Bahaya Teror di Ruang Akademik
Berita

Bahaya Teror di Ruang Akademik

Negara dianggap gagal memproteksi hak-hak konstitusional warga negara dengan membiarkan pelaku teror mencoreng dunia akademik.

Oleh:
Aida Mardatillah
Bacaan 2 Menit
Ilustrasi: BAS
Ilustrasi: BAS

Diskusi yang digelar Constitutional Law Society Fakultas Hukum Universitas Gadjah Mada bertajuk "Persoalan Pemecatan Presiden di Tengah Pandemi Ditinjau dari Sistem Ketatanegaraan" batal digelar akibat panitia dan narasumber diteror. Berbagai teror dan ancaman dialami oleh pembicara, moderator, narahubung serta ketua CLS mulai dari pengiriman pemesanan ojek online ke kediaman, teks ancaman pembunuhan, telepon hingga adanya beberapa orang yang mendatangi kediaman mereka.

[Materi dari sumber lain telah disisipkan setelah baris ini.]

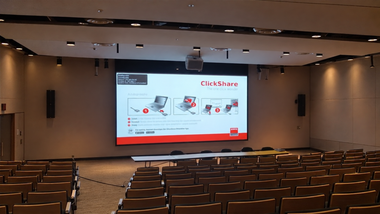 Empty auditorium with rows of seats facing a large projected presentation slide on the front screen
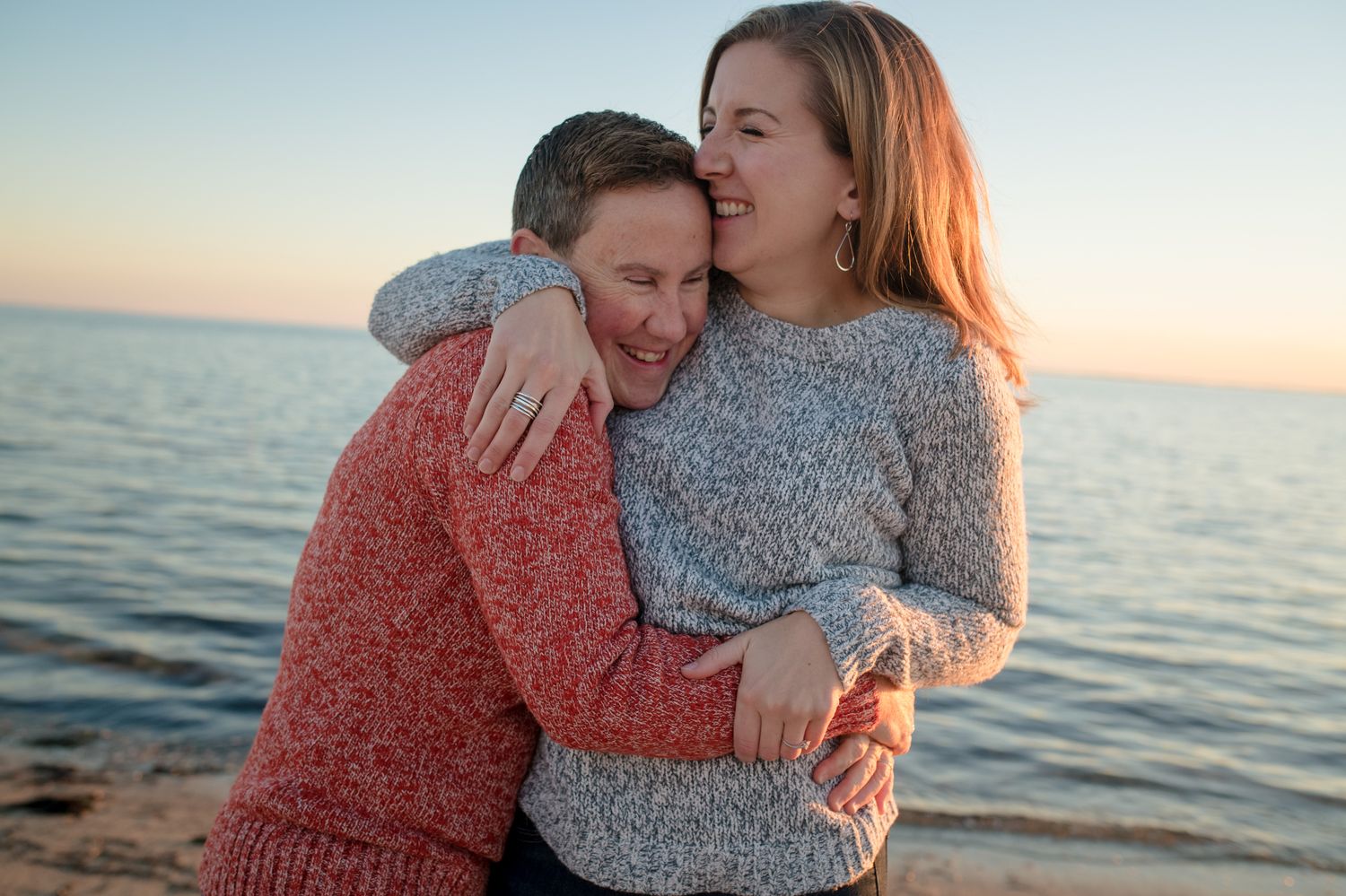Intimate couple's portrait session at sunset by the ocean.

Teror dan ancaman ini berlanjut hinga 29 Mei 2020 dan tidak hanya menyasar nama-nama tersebut, tetapi juga anggota keluarga yang bersangkutan. Dosen Hukum Tata Negara STHI Jentera, Bivitri Susanti tidak membenarkan adanya tindakan ancaman kepada mimbar akademik untuk melakukan sebuah diskusi. Sudah jelas dalam konstitusi kita Pasal 28E ayat (3) UUD 1945 bahwa kebebasan berserikat, berkumpul dan mengeluarkan pendapat.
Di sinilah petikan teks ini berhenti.